Why Wondering If We Are In An AI/ML Bubble is Missing The Point
If you're sitting here complaining about the ROI on compute, boy, are you missing the big things happening in front of you
It's 1:16 PM. I've made my way to a cafe in Cambridge, quietly thinking I'm a big-brained individual for reading AI/ML-focused technical papers with my afternoon Quiche. Then, I realize that most of the authors of these papers have their offices a mere .5 miles from me, pushing me deep into another coffee, seeing if I can get my mind to run a bit faster, my brain suddenly feeling a lot less big :(
As "Someday" by the Strokes bumps through my headphones and Quiche through my veins, I realize I have a few takes I'd like to share with the community, well, one in particular. Recently, a metric ton of articles, reports, and fancy Word docs came out regarding CapEx for Chips and how the ROI for said spend necessitates $600B in rev. As a result, many are saying there is an AI bubble. Let me be clear: there is a disconnection between historical revenue multiples and post-money valuations for AI/ML and Deep Learning companies. That being said, just because valuations can be wonky, that idea should be separate from the value of the underlying technology.
The transformer architecture and other attention-based mechanisms have created a fundamental shift in what can be quantified. What can be quantified can eventually be predicted. Prediction is the core of generation; generation and prediction combined are the basis for automation. (in another article, I'll write about why all the VCs love robotics now)
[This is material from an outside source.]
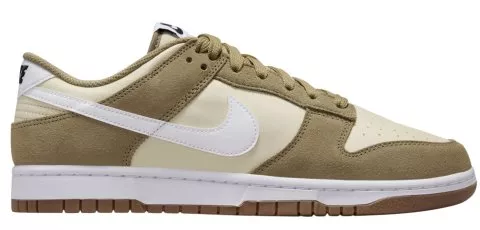 Dunk Low Retro SE Sneaker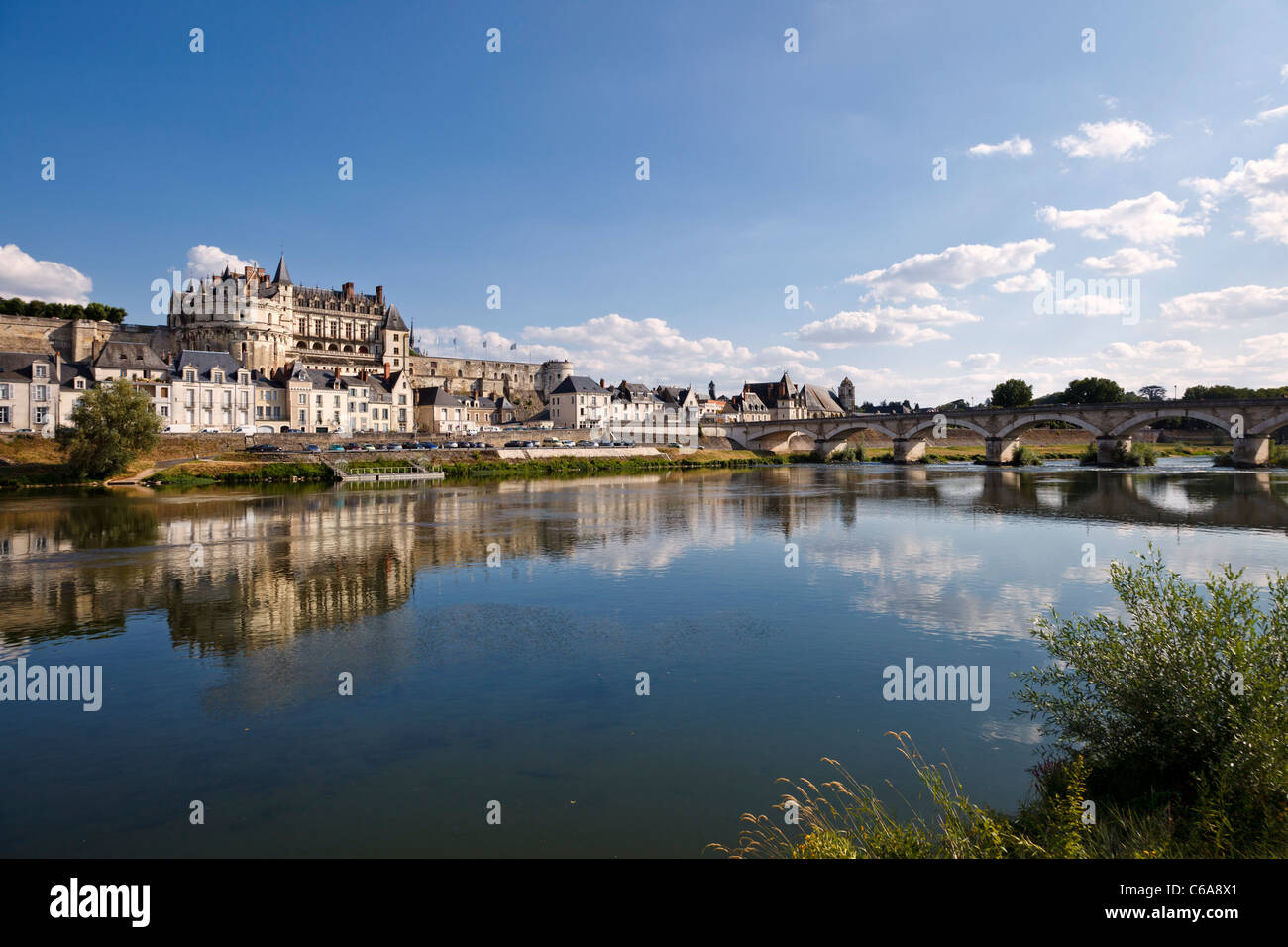 Amboise chateau sul fiume Loira, Valle della Loira, Indre et Loire, Francia, Europa Foto Stock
I want to reiterate the first point because it is the most crucial event in human history, though a close second is the invention of the HostelWorld App. The transformer and other attention-based deep learning protocols allow for sound, image, video, text, etc., to be quantified, aka represented by numbers (a process involving an Encoder with vector representations). Sometimes, video and non-text-based inputs are a bit more complicated, but let's let it ride for a minute.
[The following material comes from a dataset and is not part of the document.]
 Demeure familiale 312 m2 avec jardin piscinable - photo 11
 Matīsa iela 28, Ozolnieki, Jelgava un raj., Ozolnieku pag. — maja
The point here is that before the transformer, we could not transform words, sounds, videos, or images into numbers, let alone do efficient computations on those numbers (a transformer has a lot in it, but let's think about the simple idea that words can become numbers). The ability to do computations on words, sounds, videos, and images allows for a world in which we can make quantitative predictions about what used to be qualitative-only material. You can now predict the rest of a paragraph, a blank spot in a photo, and the logical ending of a movie. We can also do this with smells and thoughts (via MRI & EEG), and a few folks are working on quantifying emotions through electrical signals emitted from the human body (for all my woo-woo people out there, you might just get evidence that you've been right all along). All to say, this is quite simply not a bubble; it's the beginning of a world in which quantitative and qualitative have merged into one, a world where we can predict and generate all previously qualitative modalities in a quantitive manner.
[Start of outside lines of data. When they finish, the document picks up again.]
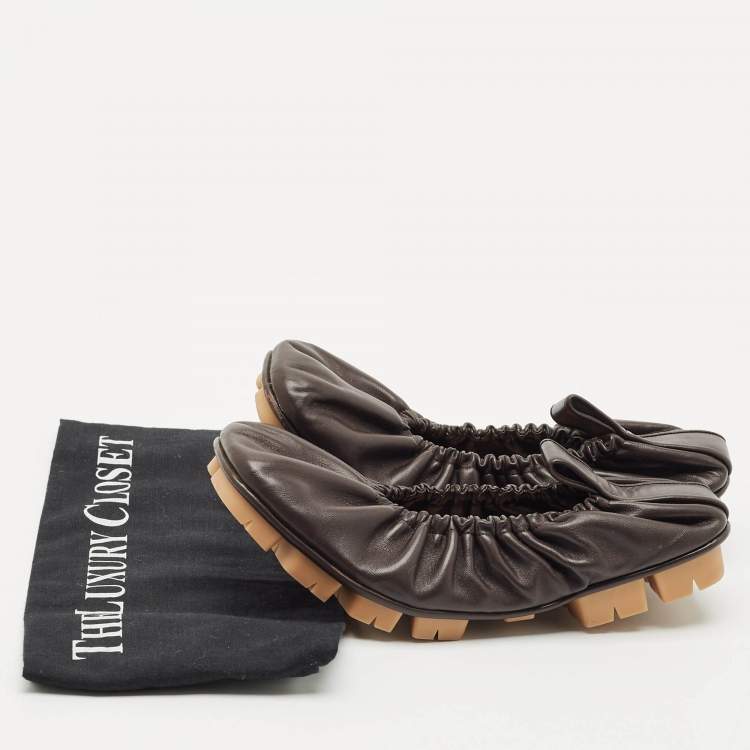 Pre Owned Bottega Veneta Brown Leather Scrunch Ballet Flats Size 38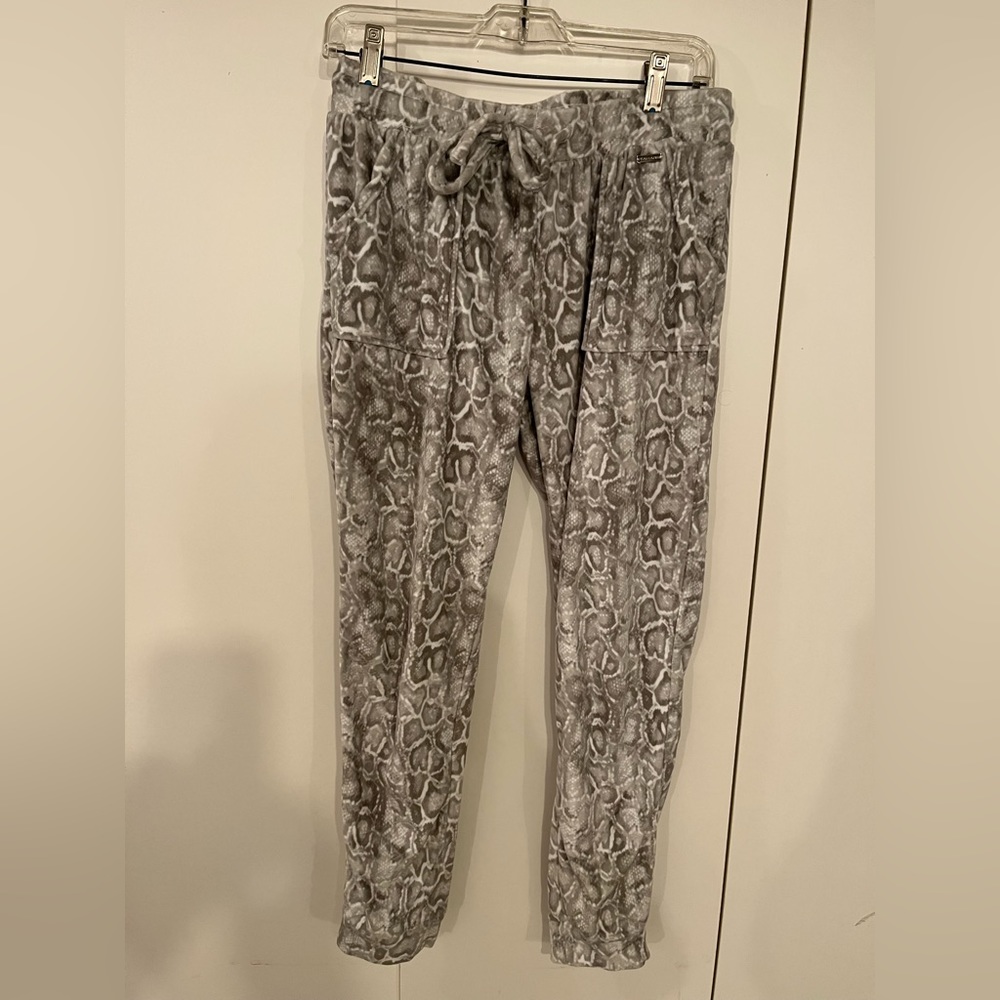 Cute and super soft Tahiti pajama joggers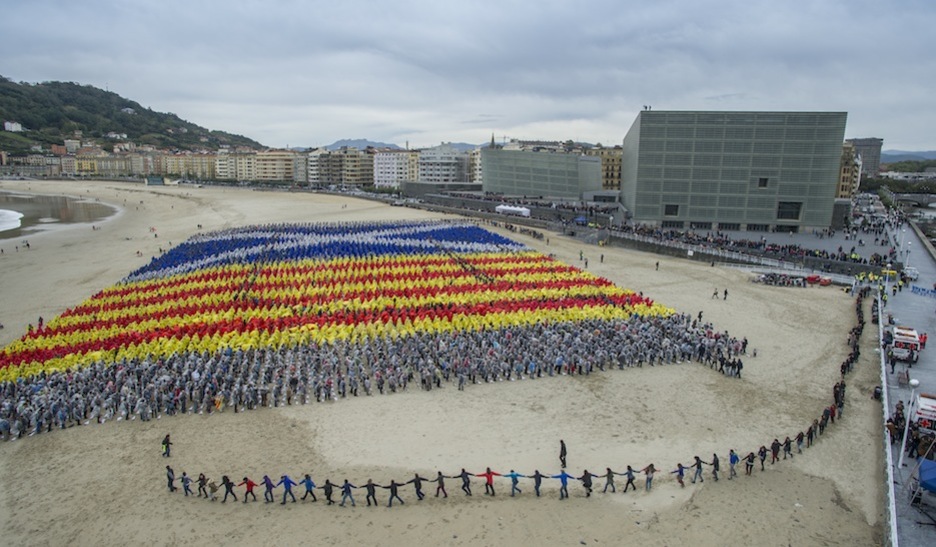 Eskozia eta Kataluniako banderen mosaikoa osatzen. (Jon URBE/ARGAZKI PRESS)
Today, we are in the early days of a qualitative and quantitative merge, like when the iPhone came out, and the #1 app was the beer-drinking app; that's how early we are now. VCs can say that the chips are expensive, the products are making less money than they wanted early on, etc. That's just a short-sighted view because we are in the middle of a fundamental shift where what could not be computed is now able to be read by advanced ML models and used for computations; soon, there will be no difference between the training data and the lives we live. While I hate to use the matrix as an example, there is a scene where the world is seen through numbers; today, the transformer has made that possible (this is not hypothetical. It currently exists, and it's why AI tools can write papers for you and generate pics of your grandma on the moon). All this to say, if you're sitting here complaining about the ROI on compute, boy, are you missing the big things happening in front of you.